Editor’s note: This is the second part of a two-part story.

SALEM, Ohio — Per- and polyfluoroalkyl substances, or PFAS, a class of so-called “forever chemicals,” have, by now, pervaded much of the land, soil and groundwater we depend on, unleashed over decades from industry and consumer product manufacturing. With the chemicals’ fingerprints linking them to multiple cancers and other serious health problems, we know PFAS has a staggeringly long reach. But does this supervillain have any kryptonite?
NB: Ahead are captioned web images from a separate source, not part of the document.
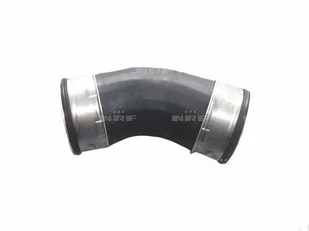 Przewód powietrza doładowującego NRF 166015 - Układ zasilania - akcesoria - miniaturka - grafika 1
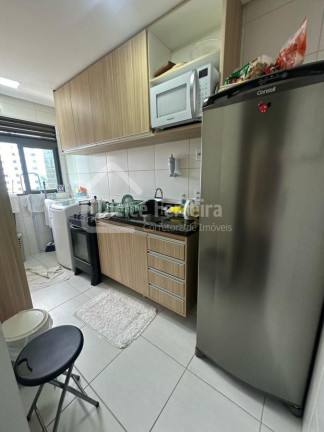 Imagem Apartamento com 2 Quartos para Alugar, 58 m² em Brotas - Salvador Imagem Apartamento com 2 Quartos para Alugar, 58 m² em Brotas - Salvador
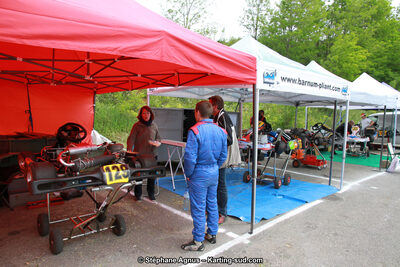02/06/2013 : 4ème manche du Championnat du Sud 2013 à Alès (Photos Stéphane Agnus) 2013 — karting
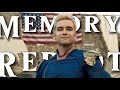 VØJ X Narvent Memory Reboot Ultra Slowed Reverb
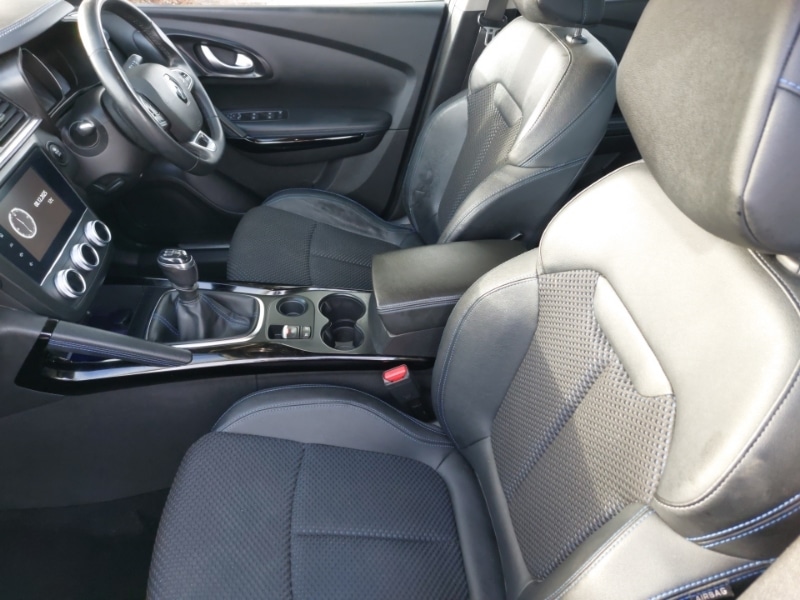 Used Renault Kadjar 2019 for sale - 76897457: Photo 5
The uncertainty surrounding contamination from PFAS abounds when considering the problem in full: How widespread is the contamination, anyway? And who should pay to fix it?
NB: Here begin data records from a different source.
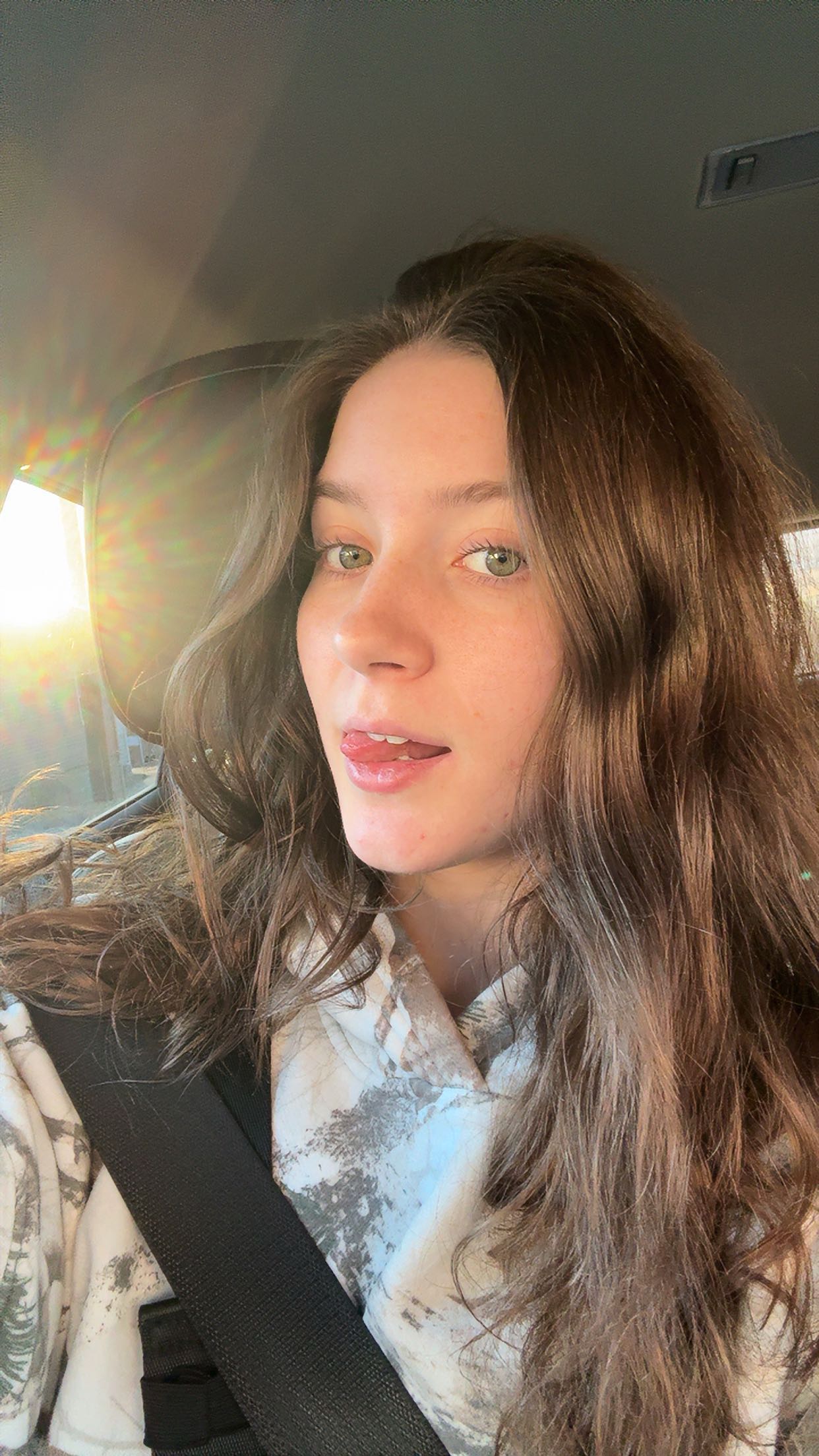 ameliabfit snapchat image archive image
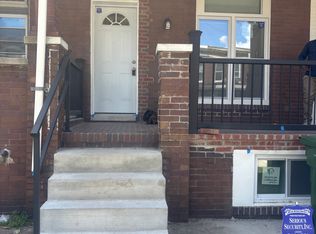 1753 Homestead St, Baltimore, MD 21218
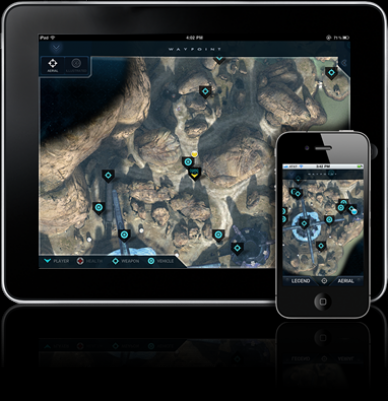 Halo: Reach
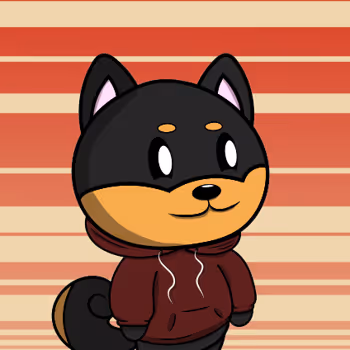 Ban'Tlak by ToonGuys x Reddit Collectible Avatars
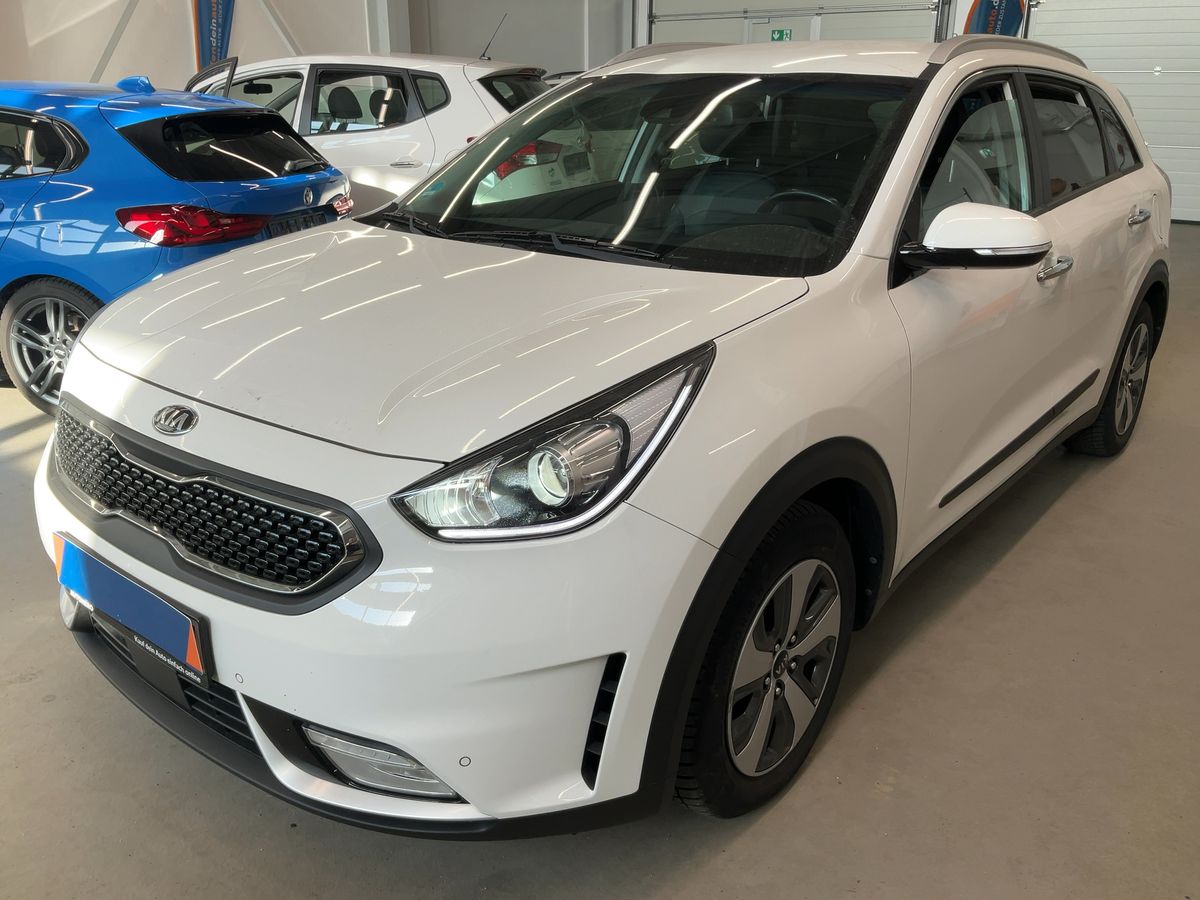 Kia Niro d'occasion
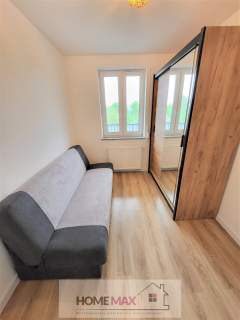 Mieszkanie 2 pokoje, II piętro, balkon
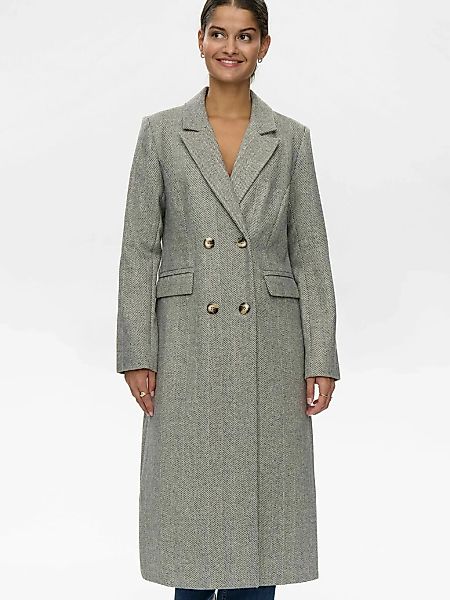 nümph Kurzmantel "Nümph Coat NURAVEN" günstig online kaufen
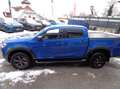 Isuzu D-Max D-MAX Double Cab V-CROSS AT 4x4 Automatik Blau - thumbnail 8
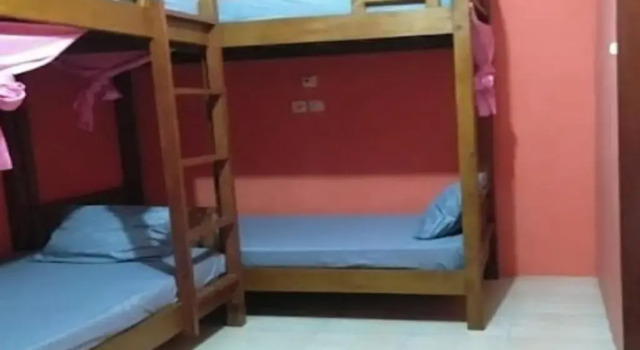 Karangasem Dormitory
These open questions are behind the stalled progress just about everywhere, according to Emily Liss, policy manager at the American Farmland Trust.

The problem started years ago but began drawing widespread attention in 2016, when PFAS contamination was discovered on a Maine farm, prompting the state to aggressively test land and water. In the years that followed, the state legislature established a $60 million PFAS Fund, creating a relief program for affected farmers. Today, Maine is a national leader, systematically looking for PFAS in its agricultural soils and groundwater. But what works in the Pine Tree State may not be a one-size-fits-all solution for the rest of the nation. Experts say that without the resources they need, many farmers simply won’t be in a position to adapt successfully. And Maine might not have all the answers.
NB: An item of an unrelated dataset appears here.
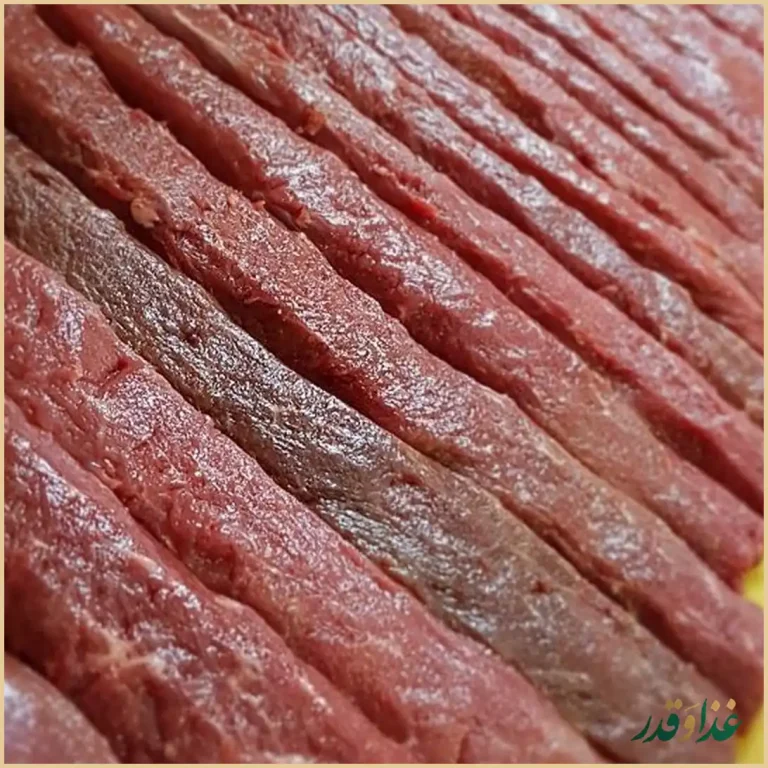 رستوران لوکس زرین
“You really need a relief and support system before you do any testing. Because we’ve started to see some states be like, ‘Yeah, we should just be testing farms for PFAS.’ And then you’re like, ‘Great, okay, so if you test for it, you will find it. What is your plan when you find it?’ Because if the cost is putting farms out of business, that is not a reasonable solution,” said Liss.

Still, it’s a small comfort to think of what could be: Liss noted that of the 111 farms in Maine where PFAS has been found in soil or water, only six have gone out of business, thanks in large part to state support, testing and technical assistance.

“I always say that this is the gospel we are trying to spread,” Liss said. PFAS contamination, she emphasized, “does not generally have to mean the end of the farm.” With the right tools — clean water, changes in what or where crops are grown, plus financial support — many operations could adapt and survive.

How widespread?

PFAS are like the chemical equivalent of psycho-killer hitchhikers in scary movies on late-night TV. When wastewater sludge is turned into well-intended fertilizer or when firefighting foam and industrial discharges seep into land and water, PFAS travel with them — like a shadow, unnoticed, always in lockstep. They lodge in soil and cling to the organic matter that crops grow in, then wash away with rain and runoff into streams and groundwater before anyone’s the wiser. Plants can take these chemicals up through their roots, with some PFAS staying in the root zone and others moving into stems, leaves and sometimes the parts we eat, according to Penn State Extension educator Faith Kibuye.

 

Livestock may encounter PFAS themselves in drinking water and feed, allowing certain compounds to build up in their bodies and even show up in milk and meat, especially on farms where biosolids have been spread — more on that in a minute. Because many PFAS don’t readily break down, they keep cycling between soil, water, crops, animals and people instead of disappearing, which is why scientists and regulators have taken to describing them as “forever chemicals.”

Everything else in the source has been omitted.